Commits are a purely for developers, excluding the rest of team.


> The code doesn't "lie". Just read it

No thanks. Some diffs aren't obvious. I'm not a mind reader. Having extra context is useful.


Even if it's true that essentially zero people read complex commit messages, that one person who needs to read it, 2 years later, will really appreciate its existence.

To me a commit message isn't there so someone can sit around and read commit messages to tell themselves a story. It's there in the -- hopefully unlikely -- possibility that there's a problem with the change, and someone needs to come back to it later, with no context, and understand why it was made so they can figure out what needs to be done.

I've absolutely used commit messages when debugging, and I don't think there's anything wrong with that.


I try to write useful commit messages.

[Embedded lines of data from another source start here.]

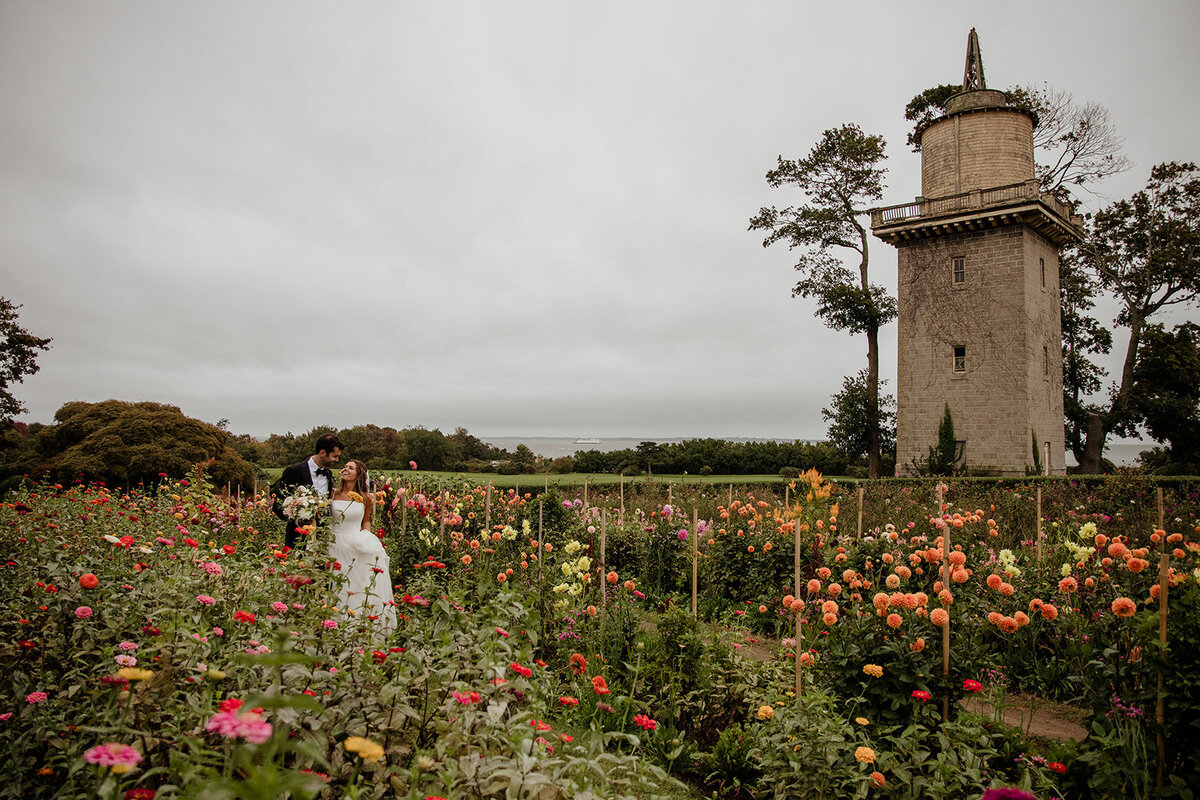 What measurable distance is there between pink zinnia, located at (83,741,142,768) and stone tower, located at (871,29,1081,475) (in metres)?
23.2

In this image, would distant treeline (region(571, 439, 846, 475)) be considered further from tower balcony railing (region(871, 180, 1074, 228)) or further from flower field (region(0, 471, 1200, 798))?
flower field (region(0, 471, 1200, 798))

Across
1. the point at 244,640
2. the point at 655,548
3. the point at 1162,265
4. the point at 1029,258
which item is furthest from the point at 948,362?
the point at 244,640

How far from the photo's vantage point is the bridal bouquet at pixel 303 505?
4188mm

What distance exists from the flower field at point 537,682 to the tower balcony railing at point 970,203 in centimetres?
1921

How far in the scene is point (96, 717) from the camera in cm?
195

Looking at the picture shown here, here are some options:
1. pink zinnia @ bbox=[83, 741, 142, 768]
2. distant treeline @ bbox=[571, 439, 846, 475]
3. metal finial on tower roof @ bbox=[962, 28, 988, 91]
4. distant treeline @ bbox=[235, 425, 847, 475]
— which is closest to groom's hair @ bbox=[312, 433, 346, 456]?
pink zinnia @ bbox=[83, 741, 142, 768]

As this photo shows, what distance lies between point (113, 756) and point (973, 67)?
30041 millimetres

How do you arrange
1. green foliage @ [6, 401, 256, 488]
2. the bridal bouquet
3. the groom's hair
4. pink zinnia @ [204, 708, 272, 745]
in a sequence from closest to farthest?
pink zinnia @ [204, 708, 272, 745] < the bridal bouquet < the groom's hair < green foliage @ [6, 401, 256, 488]

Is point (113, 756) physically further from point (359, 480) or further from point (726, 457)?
point (726, 457)

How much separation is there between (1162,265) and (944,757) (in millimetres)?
31581

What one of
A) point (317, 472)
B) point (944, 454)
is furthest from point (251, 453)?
point (944, 454)

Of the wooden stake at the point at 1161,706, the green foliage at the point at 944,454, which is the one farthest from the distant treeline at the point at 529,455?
the wooden stake at the point at 1161,706

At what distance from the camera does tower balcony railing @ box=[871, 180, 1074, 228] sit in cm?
2086

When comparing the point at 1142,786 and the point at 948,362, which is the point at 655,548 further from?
the point at 948,362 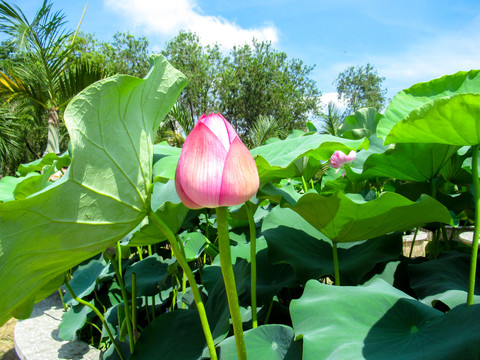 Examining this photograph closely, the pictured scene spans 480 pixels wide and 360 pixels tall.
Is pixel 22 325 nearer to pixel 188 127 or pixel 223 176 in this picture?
pixel 223 176

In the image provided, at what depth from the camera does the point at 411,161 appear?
68cm

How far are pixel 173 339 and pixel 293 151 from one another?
1.50 feet

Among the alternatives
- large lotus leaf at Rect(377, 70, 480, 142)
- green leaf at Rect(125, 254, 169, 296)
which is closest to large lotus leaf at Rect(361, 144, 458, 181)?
large lotus leaf at Rect(377, 70, 480, 142)

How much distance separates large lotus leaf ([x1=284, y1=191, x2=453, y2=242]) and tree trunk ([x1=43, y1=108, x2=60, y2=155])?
5.82 metres

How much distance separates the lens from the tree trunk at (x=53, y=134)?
582cm

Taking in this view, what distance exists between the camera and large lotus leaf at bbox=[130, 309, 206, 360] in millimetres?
655

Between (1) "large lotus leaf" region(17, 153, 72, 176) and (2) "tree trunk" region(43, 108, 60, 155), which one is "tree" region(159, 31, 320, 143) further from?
(1) "large lotus leaf" region(17, 153, 72, 176)

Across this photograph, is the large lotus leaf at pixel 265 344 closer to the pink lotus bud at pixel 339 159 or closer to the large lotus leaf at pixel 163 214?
the large lotus leaf at pixel 163 214

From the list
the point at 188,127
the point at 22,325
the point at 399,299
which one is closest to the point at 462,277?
the point at 399,299

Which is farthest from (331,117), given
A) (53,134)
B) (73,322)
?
(73,322)

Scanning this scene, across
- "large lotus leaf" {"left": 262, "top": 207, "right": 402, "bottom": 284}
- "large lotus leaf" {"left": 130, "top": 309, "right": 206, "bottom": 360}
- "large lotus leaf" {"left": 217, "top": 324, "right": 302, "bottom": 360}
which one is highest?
"large lotus leaf" {"left": 262, "top": 207, "right": 402, "bottom": 284}

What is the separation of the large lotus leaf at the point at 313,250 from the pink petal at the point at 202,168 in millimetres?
356

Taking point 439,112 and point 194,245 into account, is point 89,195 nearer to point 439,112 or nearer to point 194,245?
point 439,112

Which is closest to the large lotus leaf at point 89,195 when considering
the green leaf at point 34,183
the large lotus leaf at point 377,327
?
the large lotus leaf at point 377,327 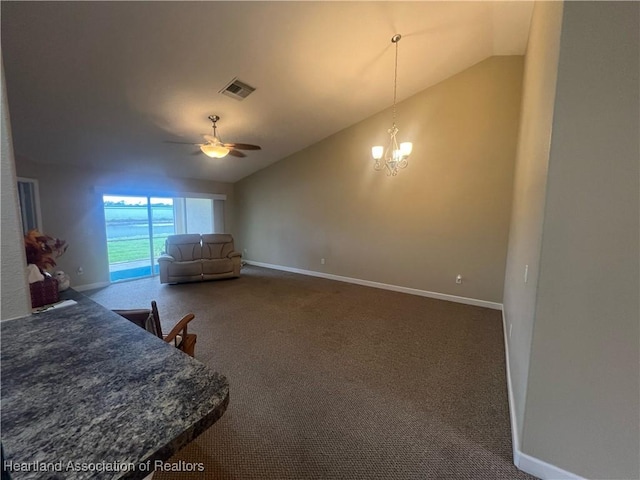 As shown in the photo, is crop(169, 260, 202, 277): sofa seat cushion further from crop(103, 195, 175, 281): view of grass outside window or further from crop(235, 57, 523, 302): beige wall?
crop(235, 57, 523, 302): beige wall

Sometimes they're as expansive as this example, but not always. On GitHub, at least the way my team uses it, the PR is the more visible unit of code change. If you have a single-commit PR, GitHub will automatically make your commit message the PR description, which is nice. It does not do that if you have more than one commit, in which case I write a general overview of the changes and write "See individual commit messages for more detail" in bold.


I'm surprised the author (of the git commit) put that much effort into the message, but did not mention what exactly that character is (its Unicode code point).


At the DLF, our pull requests are usually accompanied by a link to the bugzilla entry, which usually have a detailed explanation.

P.S. Having multiple Unicode values that exhibit identically when displayed are a huge veer-into-the-ditch mistake. I.e. the notion that code points should have semantic value is simply wrong.


> our pull requests are usually accompanied by a link to the bugzilla entry, which usually have a detailed explanation.

This practice annoys me quite a bit, actually. Well, if there is a bug tracker issue, of course, definitely link to it in the commit message. But that should provide extra, optional information; everything I reasonably need to understand the change should still be in the commit message. I don't want to have to chase down the information in an external system, a system which may not even be running anymore... and of course we all know that when systems get shut down, of course they get backed up and archived and made accessible properly every time... right.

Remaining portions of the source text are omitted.